What the task requires:
This exercise calls for every record to be returned exactly, with pictures removed.

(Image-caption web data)
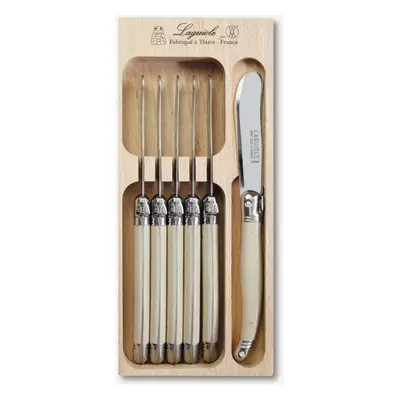 (Ivory) Laguiole Piece Butter Knife Set in Wooden Tray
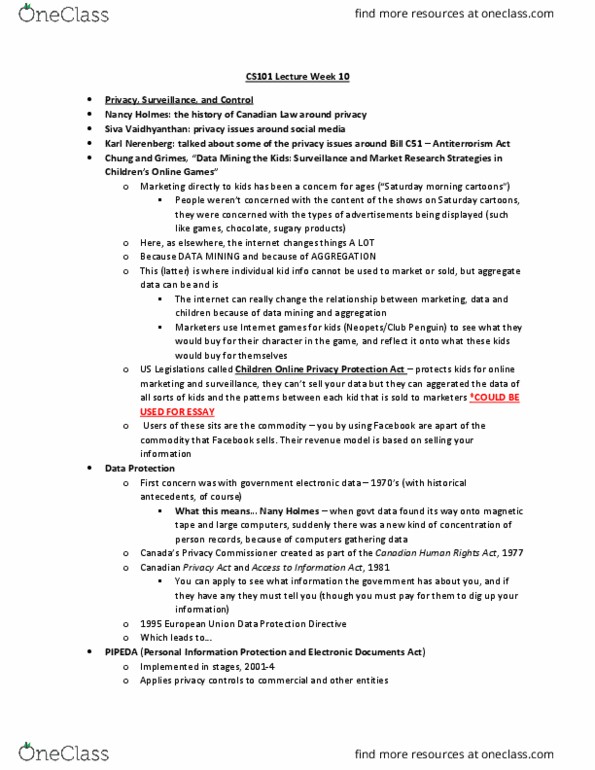 CS101 Lecture Notes - Lecture 10: Data Protection Directive, Canadian Human Rights Act, Data Mining thumbnail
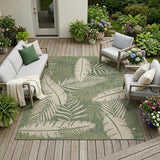 9' X 12' Ivory And Green Palm Leaf Indoor Outdoor Area Rug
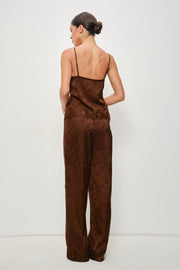 Sleeveless Lace Trim Satin Cami Top Brown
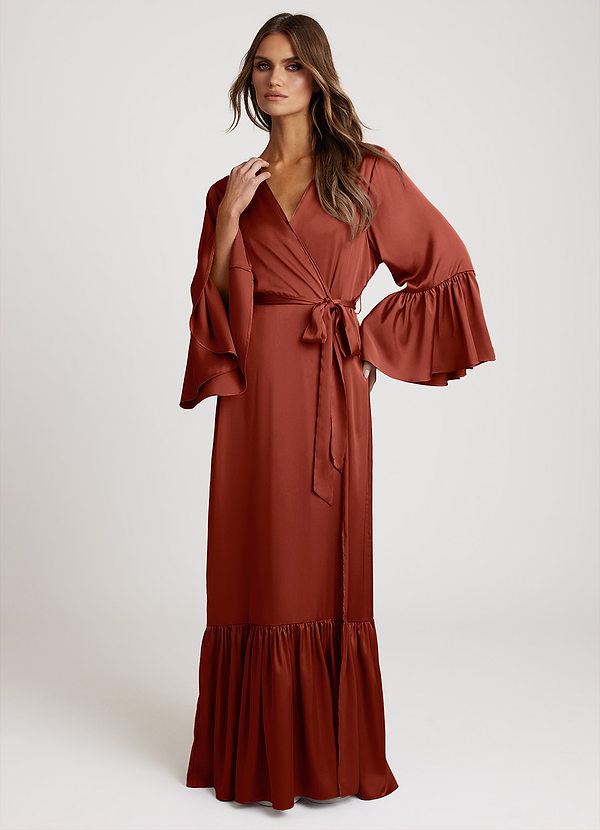 front Terracotta Long Bridal Ruffle Robe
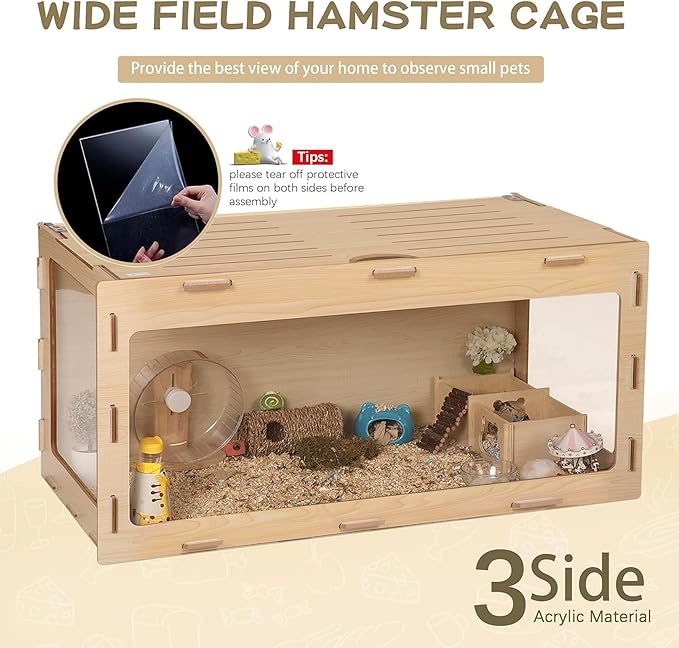 COZIWOW Hamster Cage 32", Large Wooden 270° Panoramic View Chewproof Habitat, Bigger World Small Animal House with Openable Top & Acrylic Panels for Syrian, Dwarf Hamsters, Gerbils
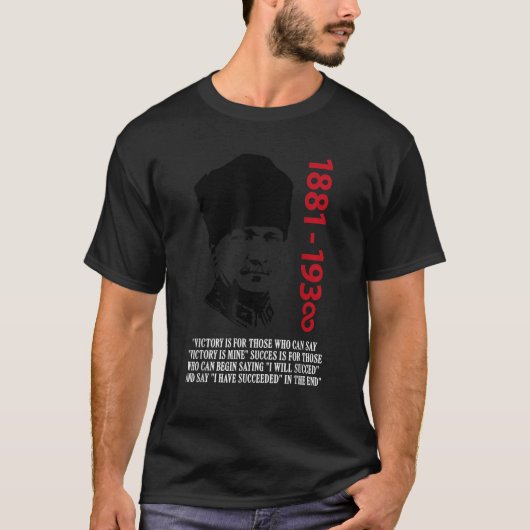 Mustafa Kemal Ataturk Vader van Turkije Vlag T-shirt (Voorkant)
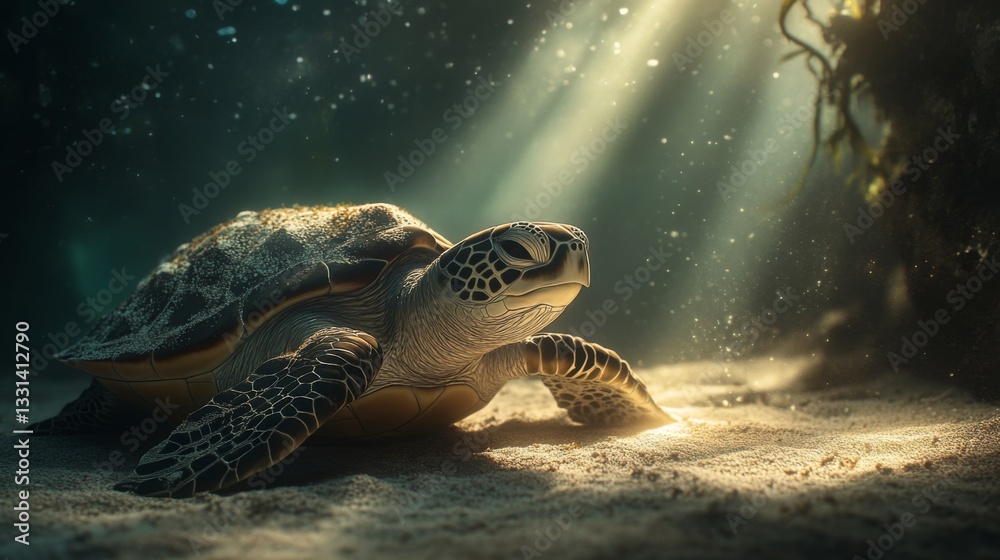 Poster A close-up of a sea turtle resting on a sandy ocean floor, with sunlight filtering through the water, illuminating its textured shell and serene expression.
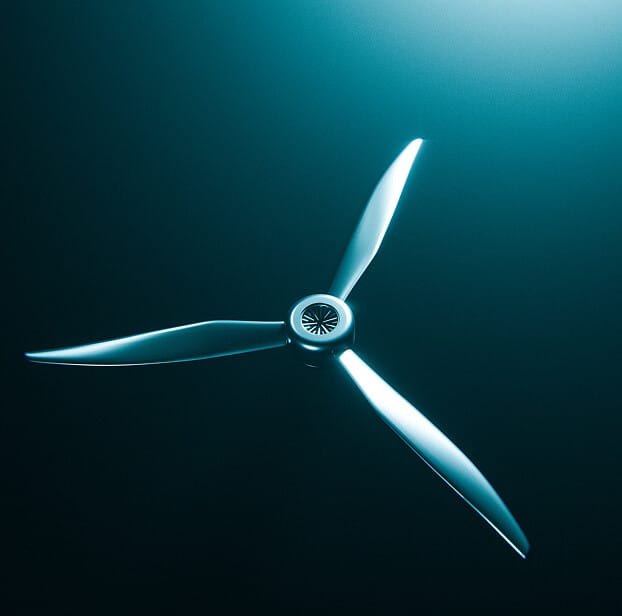 A three-bladed propeller with metallic blades is illuminated against a dark blue background, creating a sleek, minimalist appearance.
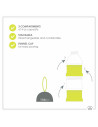 BN-BBL-B0115-L,Recipient pentru lapte praf sau gustari, Dose, Cu trei compartimente, BPA Free, Bbluv, Lime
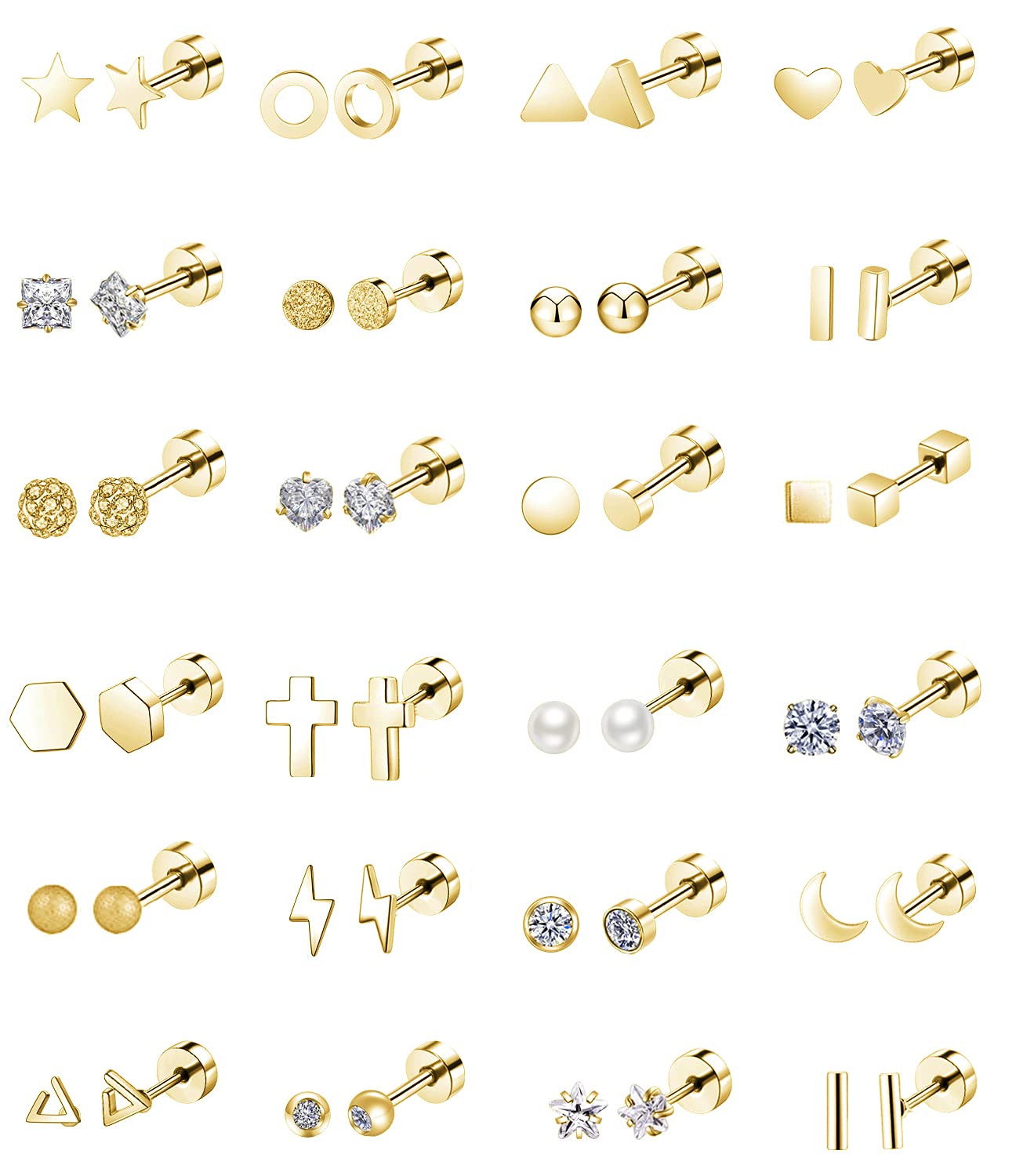 REVOLIA 24Pairs 20G Stainless Steel Tiny Stud Earrings for Women Men Star Moon Heart Cartilage Helix Tragus Earings CZ Ear Piercing Jewelry Set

Result of this task:
 (Ivory) Laguiole Piece Butter Knife Set in Wooden Tray
 CS101 Lecture Notes - Lecture 10: Data Protection Directive, Canadian Human Rights Act, Data Mining thumbnail
 9' X 12' Ivory And Green Palm Leaf Indoor Outdoor Area Rug
 Sleeveless Lace Trim Satin Cami Top Brown
 front Terracotta Long Bridal Ruffle Robe
 COZIWOW Hamster Cage 32", Large Wooden 270° Panoramic View Chewproof Habitat, Bigger World Small Animal House with Openable Top & Acrylic Panels for Syrian, Dwarf Hamsters, Gerbils
 Mustafa Kemal Ataturk Vader van Turkije Vlag T-shirt (Voorkant)
 Poster A close-up of a sea turtle resting on a sandy ocean floor, with sunlight filtering through the water, illuminating its textured shell and serene expression.
 A three-bladed propeller with metallic blades is illuminated against a dark blue background, creating a sleek, minimalist appearance.
 BN-BBL-B0115-L,Recipient pentru lapte praf sau gustari, Dose, Cu trei compartimente, BPA Free, Bbluv, Lime
 REVOLIA 24Pairs 20G Stainless Steel Tiny Stud Earrings for Women Men Star Moon Heart Cartilage Helix Tragus Earings CZ Ear Piercing Jewelry Set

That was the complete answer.